Start of SUPPLIED MATERIAL

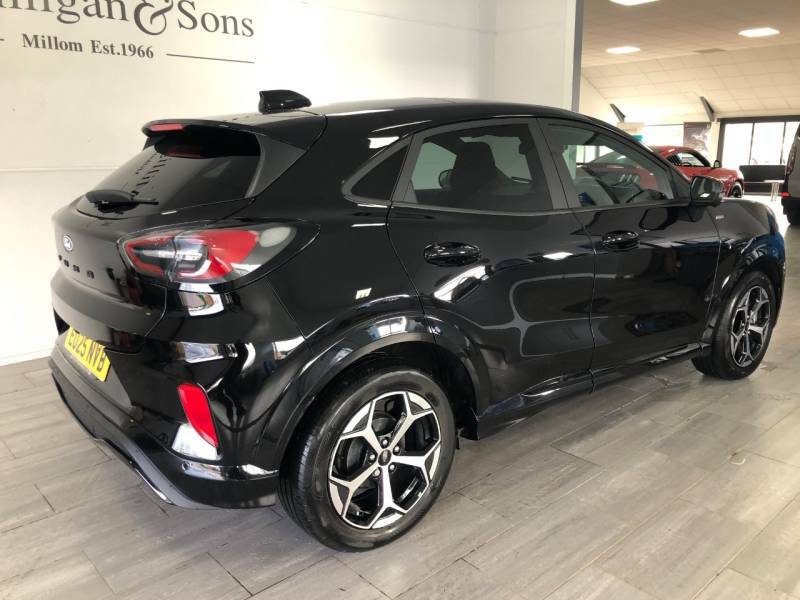 Ford Puma 1.0 Ecoboost Hybrid Mhev St-line Dct - 2025 2 EO25NVB Black #4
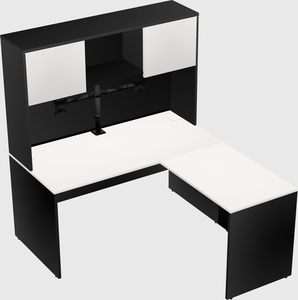 L-shaped office desk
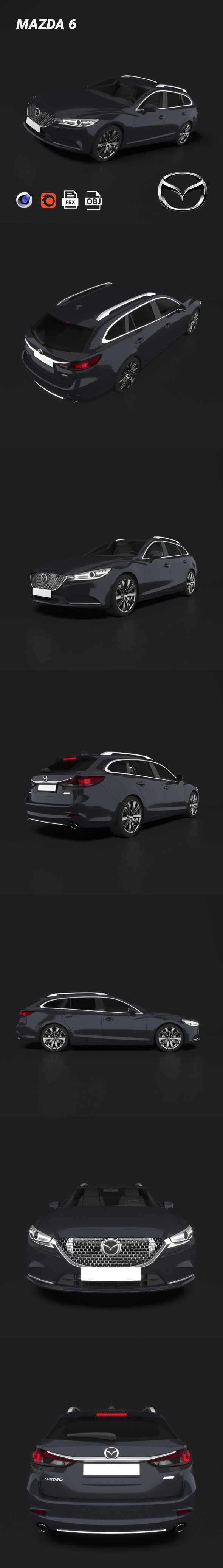 Mazda 6 Wagon - 3DOcean Item for Sale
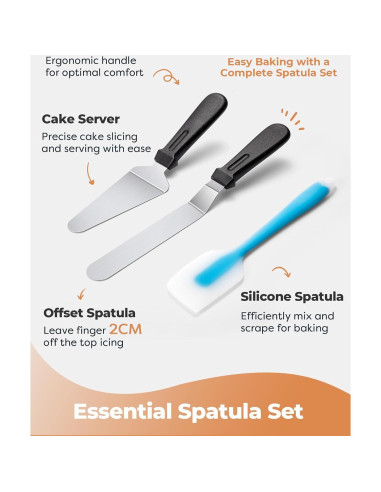 Juego de Decoración de Pasteles Kootek con Plato Giratorio 30 cm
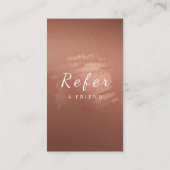Luxe Stijlvol Script Brons Zakelijk Referentie Visitekaartje (Achterkant)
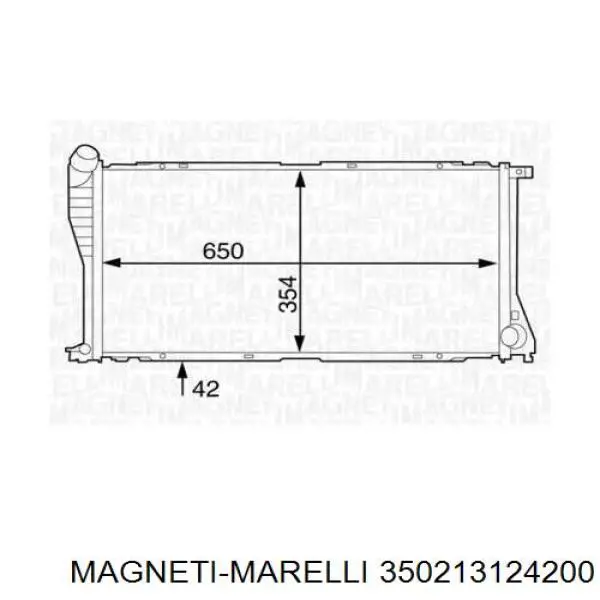 Радиатор 350213124200 Magneti Marelli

End of SUPPLIED MATERIAL

§ **HOW TO COMPLETE THIS TASK**
Retype every entry word for word, but do not carry over the pictures.

§ **WRITTEN SOLUTION**
 Ford Puma 1.0 Ecoboost Hybrid Mhev St-line Dct - 2025 2 EO25NVB Black #4
 L-shaped office desk
 Mazda 6 Wagon - 3DOcean Item for Sale
 Juego de Decoración de Pasteles Kootek con Plato Giratorio 30 cm
Luxe Stijlvol Script Brons Zakelijk Referentie Visitekaartje (Achterkant)
 Радиатор 350213124200 Magneti Marelli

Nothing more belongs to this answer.